Чтобы лучше осознать сущность аргументов Эко в данном вопросе, а также выяснить, в каком смысле возможно в принципе проведение аналогий между языком кино и вербальным языком, достаточно совершить очень краткий экскурс в историю философских и лингвистических дискуссий о природе языка. Или, точнее, кратко сформулировать, несколько упрощая, сущность двух основных подходов к вопросу об отношениях языка с реальностью (то есть о конвенциональности знака) и причины расхождения между сторонниками спора (опираясь на идеи Эко, Ю. Лотмана, П. Серио). Собственно говоря, любой философ, занимающийся проблемой языка, неизбежно возвращается к этому фундаментальному вопросу, решение которого определяет эпистемологический профиль данной теории. Удивительна живучесть некоторых лингвистических мифов: аргументы Аристотеля, Августина, Пирса, Соссюра, Якобсона, Витгенштейна, Остина и многих других не решили проблемы.

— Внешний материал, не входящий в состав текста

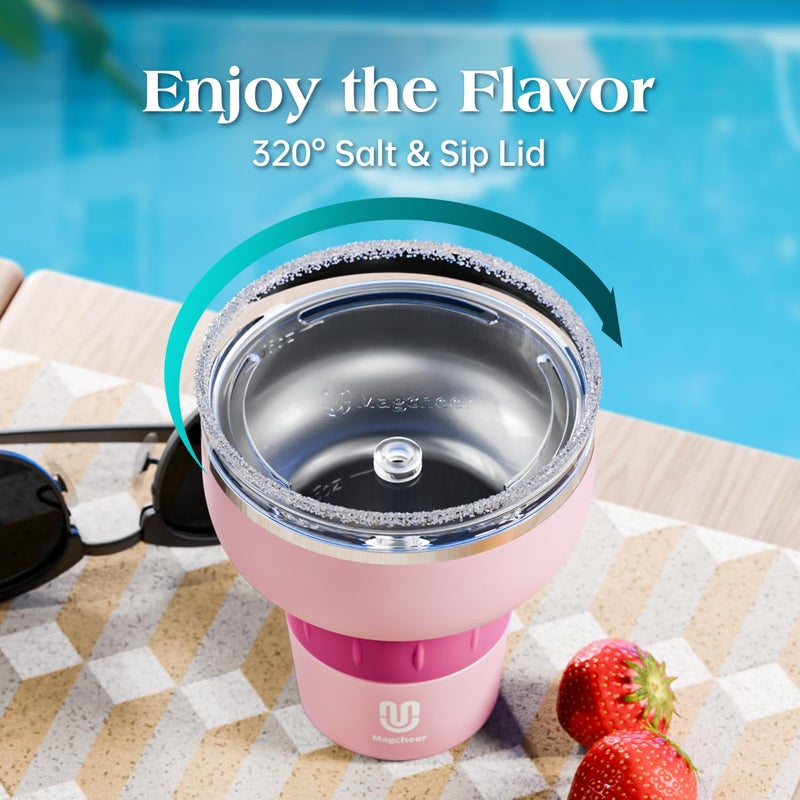 magcheer 16 oz Cocktail Tumbler with Lid and Straw - Stainless Steel Insulated Margarita Tumbler - 320Â° Sippable Stemless Wine Cup for Party | Pink - Image 2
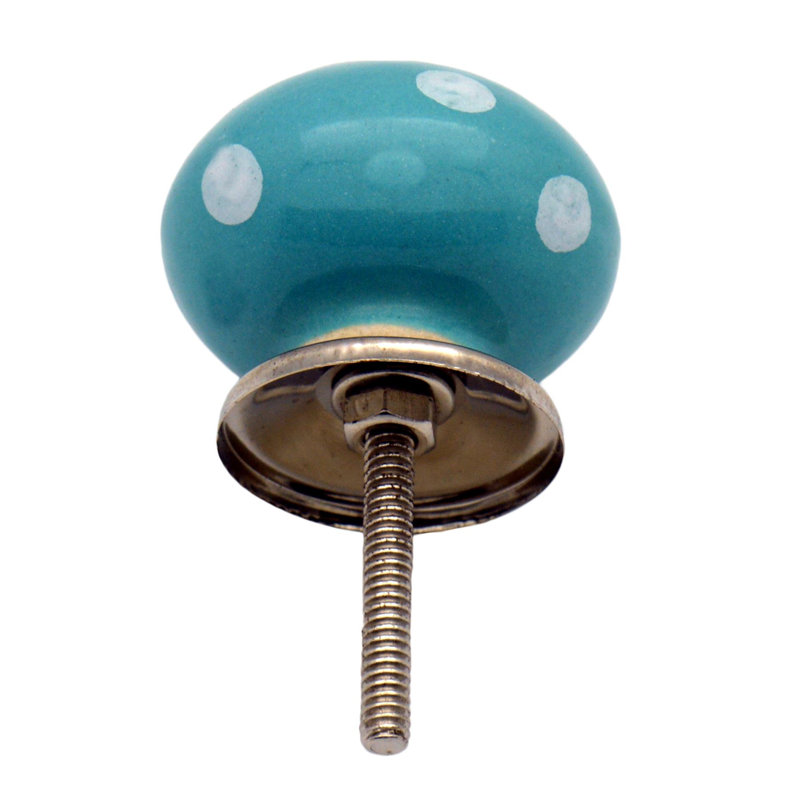Nicola Spring - Round Ceramic Cabinet Knobs, Turquoise/White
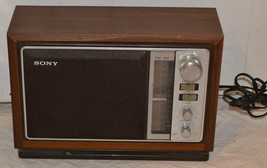 Vintage Sony ICF-9740W 2-Band AM/FM Radio Simulated Wood Cabinet  - $70.11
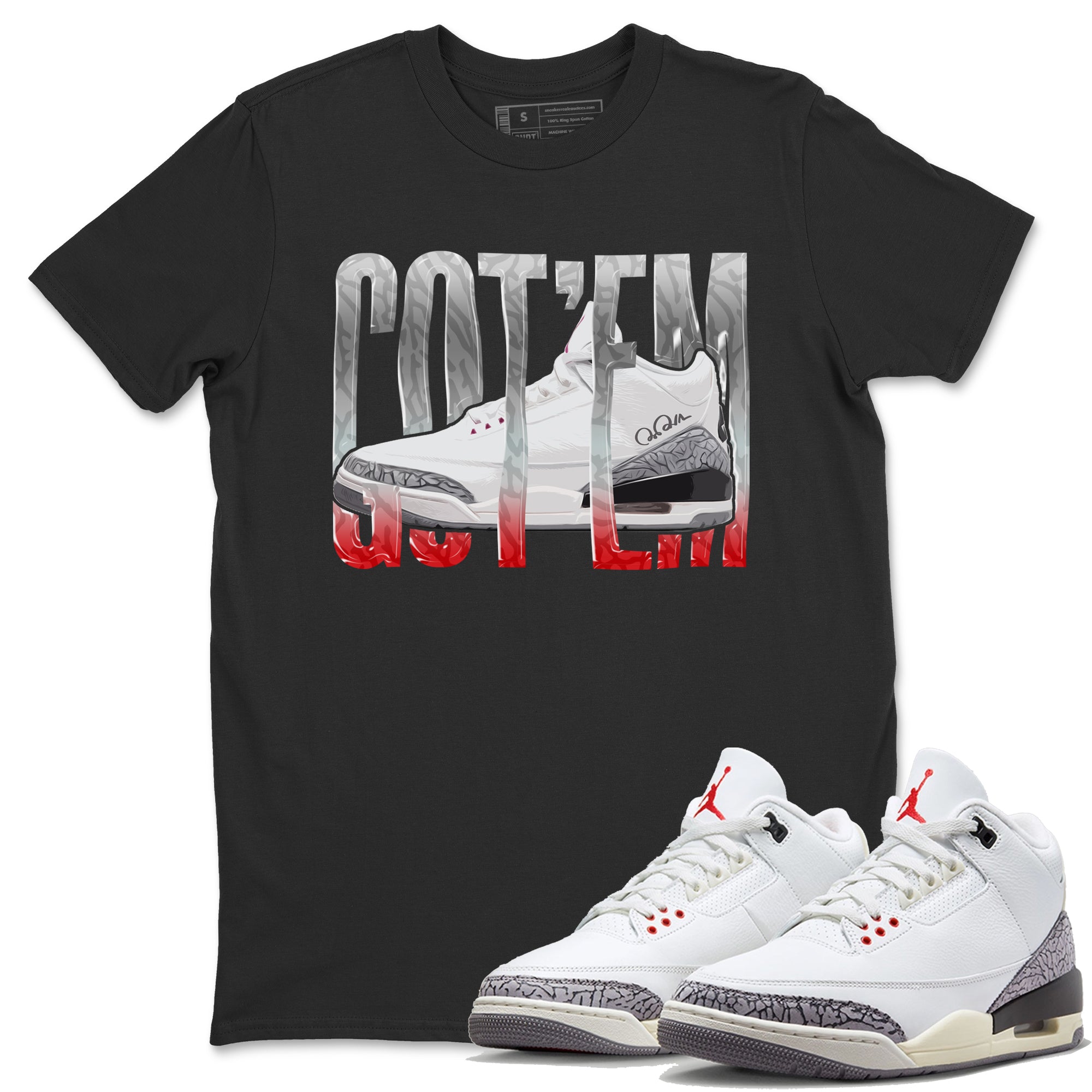 Wiggling Gotem Unisex Tops - Air Jordan 3 White Cement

Первая идеологема базируется на понимании языка как молчаливого прозрачного посредника, представляющего вещи сознанию в их непосредственности. В рамках этой парадигмы совершенным (идеальным) является язык, который невидим и не создает помех в коммуникации. Естественно, что такой «универсальный» язык — не более чем концептуальный идеал, базирующийся в конечном счете на идее языковой номенклатуры (как полагал Соссюр) и желании «называть вещи своими именами», который при всей его соблазнительности имеет мало общего с реальностью интерпретации. В идеологии прозрачного языка слова соответствуют вещам, что предполагает возможность постижения реальности, язык же в данном случае — лишь инструмент, протез, без которого не обойтись. Проблема реализма в литературе, забвение интеллектуального монтажа в кино в пользу «невидимого» классического голливудского монтажа, прозаическая речь, доверие к сообщениям масс-медиа — это лишь немногие аргументы в пользу чрезвычайной распространенности этого мифа в повседневной жизни. Признать, что изображение является analogon реальности, значит встать на точку зрения плоского реализма и отказать (кино)языку в его специфике.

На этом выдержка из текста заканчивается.